Na verdade, os Agentes Federais têm lutado pela modificação da sistemática de ingresso na Polícia Federal e pelo primor na estrutura do Órgão que necessita de inúmeras correções, portanto não poderiam apoiar a insensata proposta dos delegados que penalizaria a sociedade. Nos elementos constitutivos da Polícia Federal existem claros erros que comprometem a eficiência e produtividade da corporação. Vejamos um deles, uma clara deformação no arcabouço da polícia brasileira: os delegados, ao iniciarem em suas atividades profissionais, imediatamente depois do curso de formação, entram na instituição na condição de chefe de experientes policiais, isto é, trata-se de delegados com experiência zero, por conseguinte sem os necessários conhecimentos e habilidades adquiridos em função da prática policial, os quais são designados para dirigir e comandar experimentados policiais, em óbvia inversão de valores e agressão aos princípios da razoabilidade e da experimentação profissional. De cara já se vê algo errado, até porque, no caso da Polícia Federal, todos os policiais têm formação de nível superior com diplomas de renomadas universidades e treinamento profissionalizante. Esse disparate fica bem evidenciado ao compararmos a nossa polícia com as polícias da Europa e Estados Unidos, onde o ingresso na corporação ocorre na classe inicial, sobrevindo uma gradativa evolução, em razão do tempo de serviço, do mérito pessoal e da aptidão profissional, na qual qualquer integrante pode galgar o topo da hierarquia. Portanto, nesses países, os chefes de polícia efetivamente têm experiência policial porque exerceram todas as etapas e segmentos funcionais, adquirindo assim habilidade prática no exercício do ofício policial, ao contrário do que aqui ocorre. Eis uma das razões da ineficácia da polícia brasileira onde menos de oito por cento dos assassinatos são esclarecidos, ou seja, mais de noventa e dois por cento (92%) dos homicídios ficam impunes e os assassinos sequer são identificados. É uma estatística assustadora. Essa estatística está associada à estrutura policial em que não prestigia a motivação profissional, isto é, as forças propulsoras da ação. Ao desconsiderar o mérito individual do policial, joga-se no lixo os princípios da motivação que é o fator determinante para que as pessoas ofereçam o melhor de si. Quem perde é o povo que assiste o aumento da criminalidade e não sabe o porquê.
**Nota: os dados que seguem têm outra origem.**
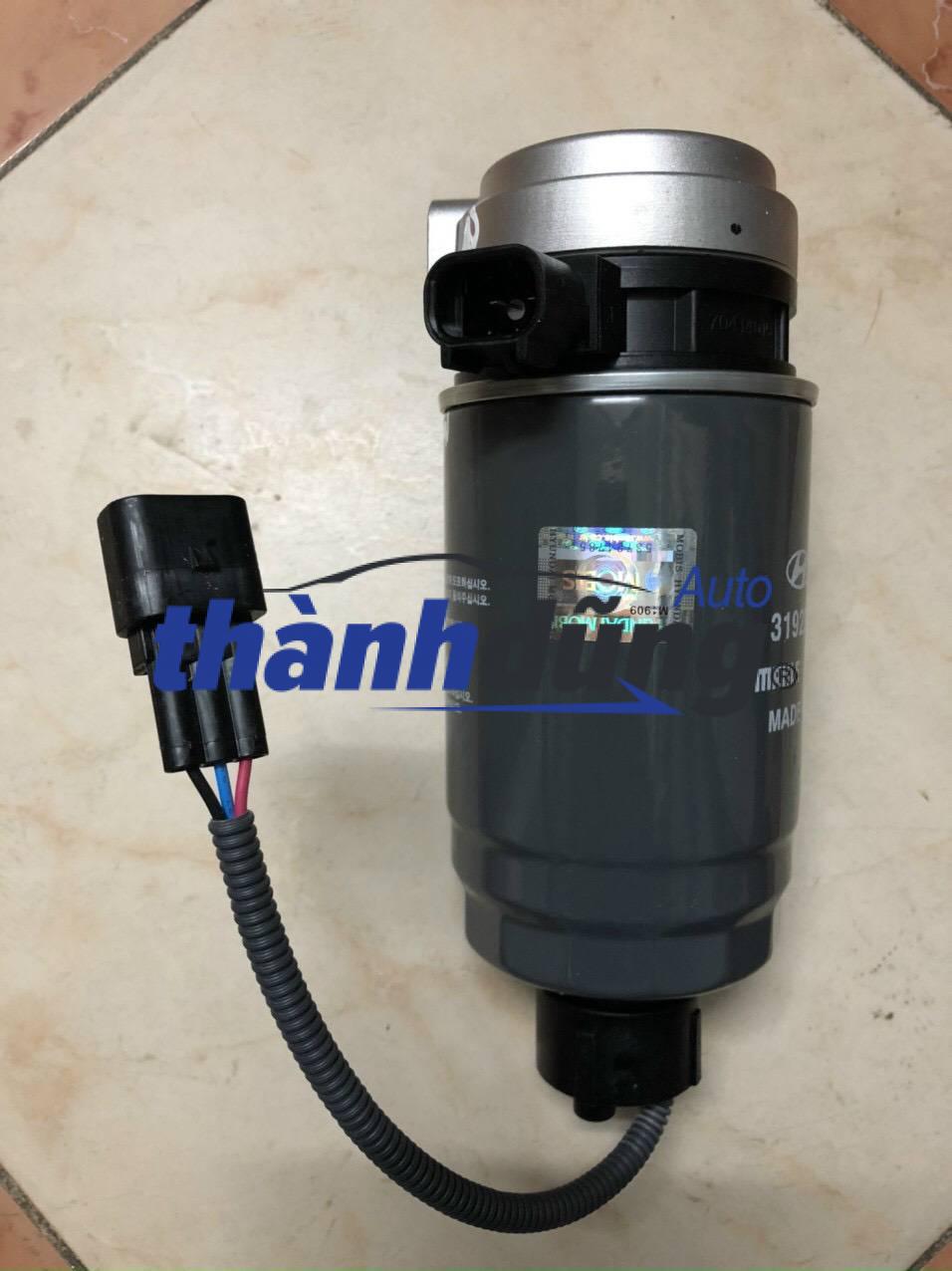 Cụm lọc dầu Kia Sedona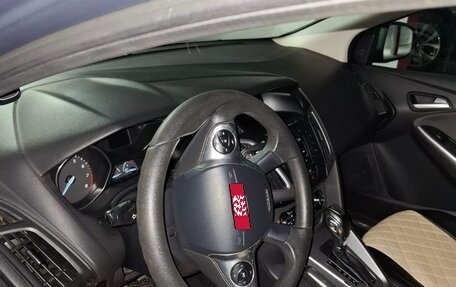 Ford Focus III, 2012 год, 850 000 рублей, 4 фотография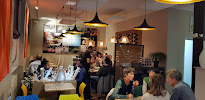 Atmosphère du Restaurant asiatique Bo & Bun Viet Food à Schiltigheim - n°4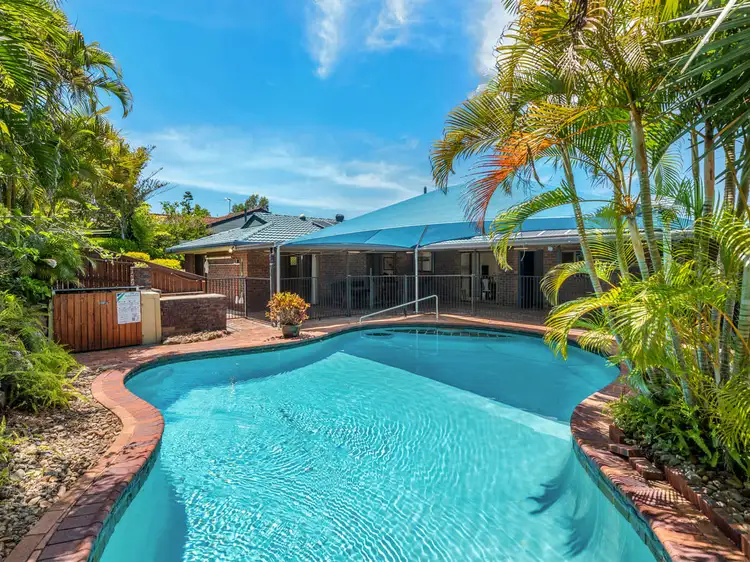 16 Porang Street, Shailer Park QLD 4128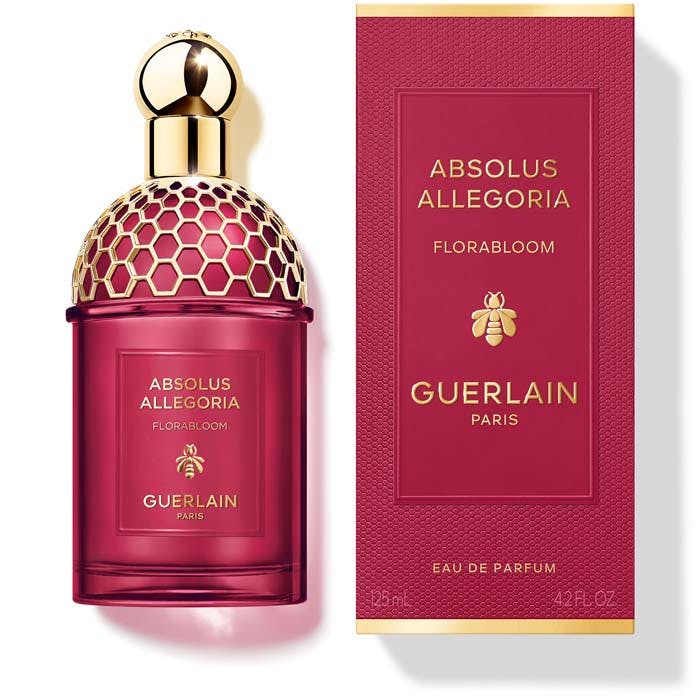 Florabloom Eau De Parfum 125ml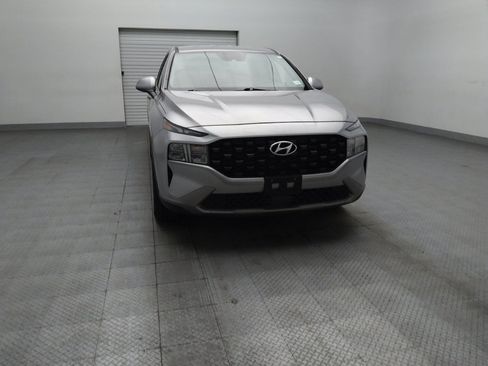 Used 2022 Hyundai Santa Fe SE FWD image 14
Quanto à PEC 37, a principal argumentação dos delegados repousa na suposta legalidade, mas há fortes controvérsias e teses convincentes, oriundas de grandes juristas, contrárias a citada argumentação. Contudo, independentemente dessa questão, a lei suprema de uma nação deve conter as diretrizes segundo as quais a sociedade deva ter uma vida digna e justa, portanto ao reformá-la, espera-se que essa modificação evolua para diretrizes que propicie uma qualidade de vida melhor, em lugar de retroagir, na contra-mão dessa premissa, tal qual a PEC 37 onde o que já era ruim ficaria péssimo.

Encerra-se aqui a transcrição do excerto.